An organization can't simply give people slick-looking dashboards and expect insights to magically flow. There has to be at least a basic level of data literacy. That starts with old-fashioned training. There may be some resistance to this. Some members of your workforce may not have had any kind of numbers training since college. When is the last time your average marketing or HR person had to do statistical analysis? But we find that enthusiasm grows as people see how far even a basic understanding of data goes toward generating and sharing insights.
There are a lot of ways to design a training program, but at Slalom we've found it's good to start with basic statistical concepts such as mean vs. median, R-squared, standard deviation, and what commonly tossed around terms like “statistically significant” actually mean. People don’t have to be statisticians, but should know enough to ask questions and understand the response from a statistician or data scientist.
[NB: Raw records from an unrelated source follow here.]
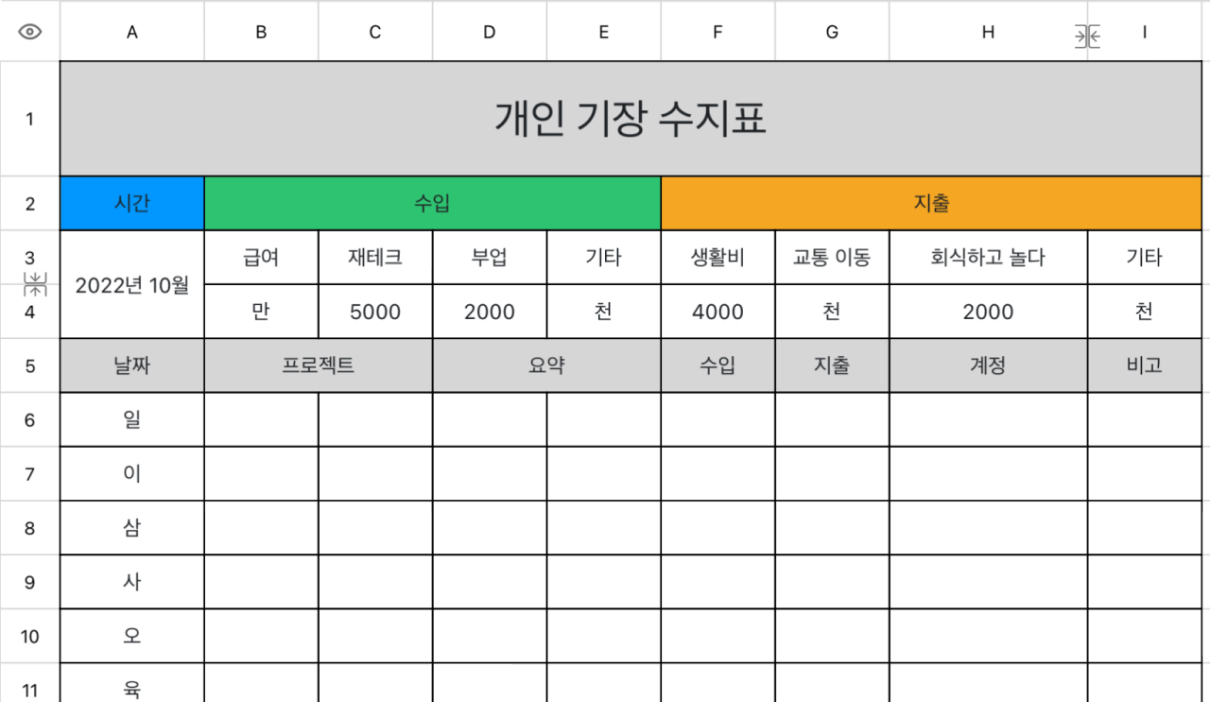 개인 기장 수지표 1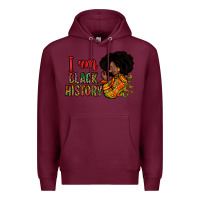 Burgundy i am black history Premium Hoodie - Zillion Design Studio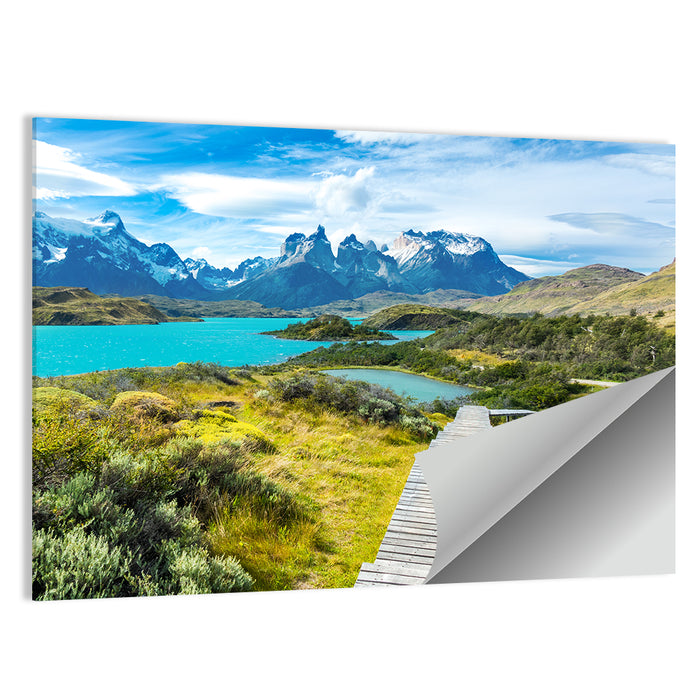 Torres Del Paine Boardwalk to Turquoise Lake Wall Art as a poster print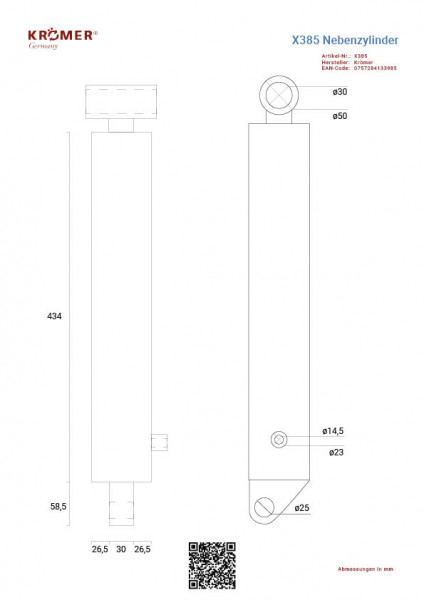 Technische Zeichnung eines Nebenzylinders für Scherenhebebühnen.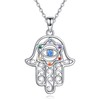 POPLYKE Hamsa Hand Pendant Evil Eye Necklace for Women 925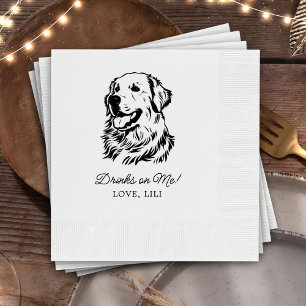 Golden Retriever Dog gepersonaliseerde Drinken op  Servet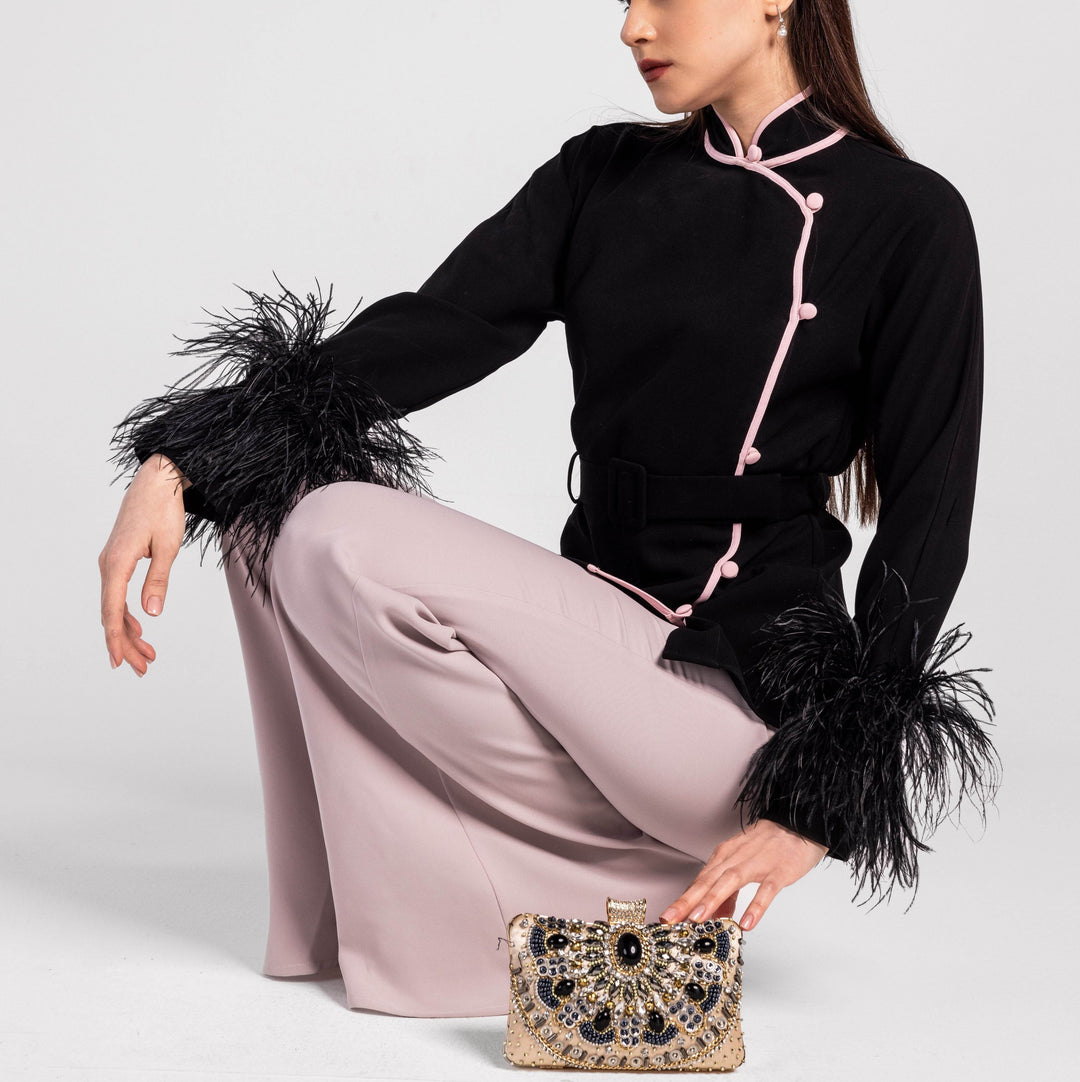 Feather Cuff Textured Flare Suit - MOONMAINS EGY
Another important thing your organization can do: hold leaders to accountable for how they make their decisions. Are they still relying on their gut, or are they making choices that can be justified by numbers? This may be uncomfortable for some leaders because it means some decentralization of authority: As more people have more data, that they should have a corresponding power to make decisions. But the rewards for embracing this data-driven decentralization can be tremendous.
When everyone has access to data, everyone can drive innovation. For an organization to benefit from data, it must be prepared to be guided by its insights, no matter where they lead. That means having the confidence to question the way things have always been done, and, above all, a willingness to try new things. Just like a good chef.